To prawda, łatwiej mi wyobrazić sobie erotyzm w związku dwóch kobiet niż erotyzm męskiego ciała. Związek heteroseksualny kojarzy nam się od razu z seksualnym spełnieniem, skonsumowaniem. Uwodzicielski taniec nastoletnich dziewczyn ma w sobie coś delikatnego, niedookreślonego. Wiele relacji przyjacielskich w tym wieku jest nacechowanych erotycznie: wspólne trzymanie się za rękę, całusy, wymienianie się ciuchami. Kiedy nie pojawiają się więzy kulturowe, normy i łatki, na taki związek można patrzeć w kategoriach czystej erotyki. Zdaję sobie sprawę, że łatwo można zaszufladkować relację przedstawioną w „Strefie nagości” jako lesbijską. Nie jestem jednak pewna, czy w wieku lat 15, nie mając żadnych doświadczeń seksualnych z drugą osobą, można mówić już o orientacji seksualnej. Sama bardzo wcześnie odkryłam, że jestem biseksualna, ale trudno mi określić, kiedy dokładnie w życiu człowieka pojawia się pojęcie preferencji. Wydaje mi się, że dlatego nie można jednoznacznie określić bohaterek mojego filmu jako
lesbijki.
Pani w swoich filmach bardzo rzadko używa słów. „Strefa nagości” również pozbawiona jest dialogów.
Chciałam zastąpić słowa spojrzeniami i gestami. Ludzie bardzo często mówią do siebie nie komunikując się lub odwrotnie – porozumiewają się mową ciała. Komunikacja pozasłowna szalenie mnie interesuje, bo jest bardzo filmowa. Nic innego w życiu nie robię poza przyglądaniem się ludziom. Proszę zwrócić uwagę na to, że czasami dużo ciekawsze od słów są na przykład gesty. Sposób poruszania się często mówi więcej o człowieku niż jego wypowiedzi. Na przykład Sammy Boonstra wcielająca się w „Strefie nagości” w Naomi, nosi designerskie ciuchy i przybiera pozę buntowniczki, ale jest w gruncie rzeczy bardzo niepewna siebie. Rzuca rękoma, jest jak połamana lalka. Imaan ma w sobie natomiast jakąś płynność ruchów, emanuje z niej spokój.

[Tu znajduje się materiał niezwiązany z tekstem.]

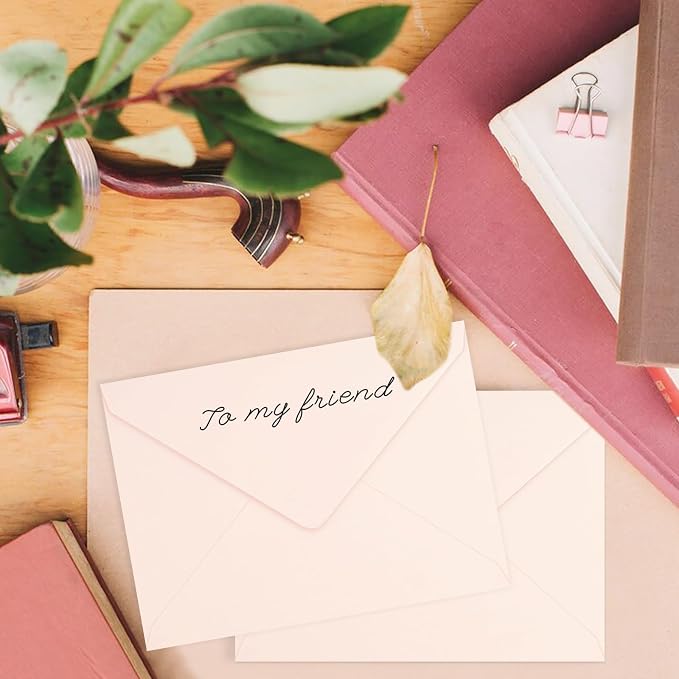 100 Pack A7 Envelopes, Blush Pink Greeting Card Envelopes Self Seal, 5.24 x - Image 2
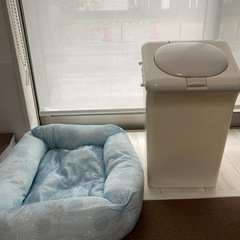 猫砂、猫クッション、猫餌入れ、猫ゴミ箱の画像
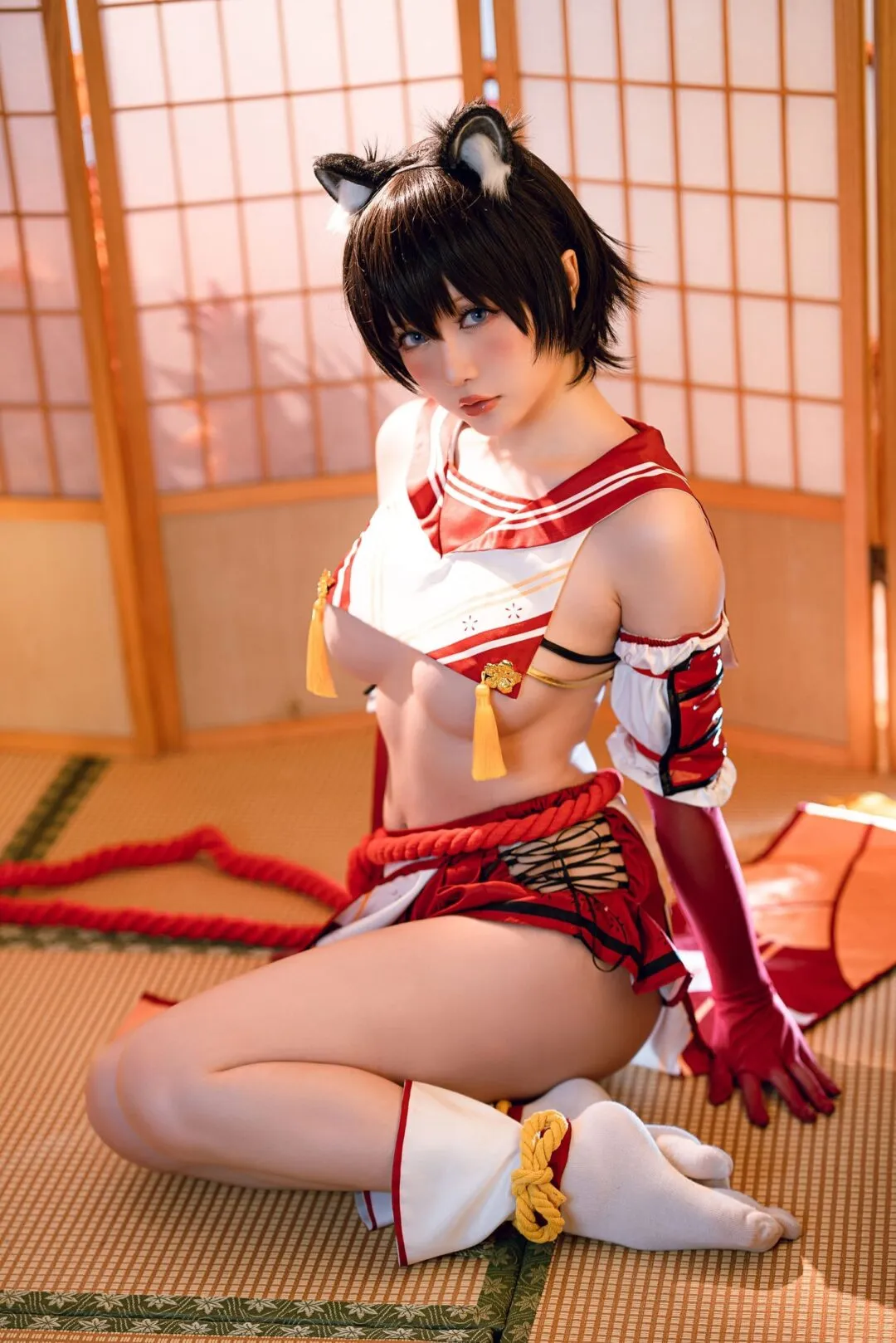 碧蓝航线春日椿cos——奶盖美胸翘臀性感大长腿-1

To prawda, mało która nastolatka potrafi zachowywać się z taką nienachalną pewnością siebie.
Dojrzewanie to prawdziwy horror. Człowiek jest wtedy tak niesłychanie samotny. Nasze ciało przechodzi procesy, których nie rozumiemy, trudno nam dzielić się naszym doświadczeniem z rówieśnikami, nie możemy sami o sobie stanowić i nie rozumiemy jeszcze świata, który nas otacza. To jest niezwykle alienujący stan. Imaan również poczucie niepewności nie jest obce, ale paradoksalnie jej kultura – poprzez jasne wytyczenie granic – daje jej wolność.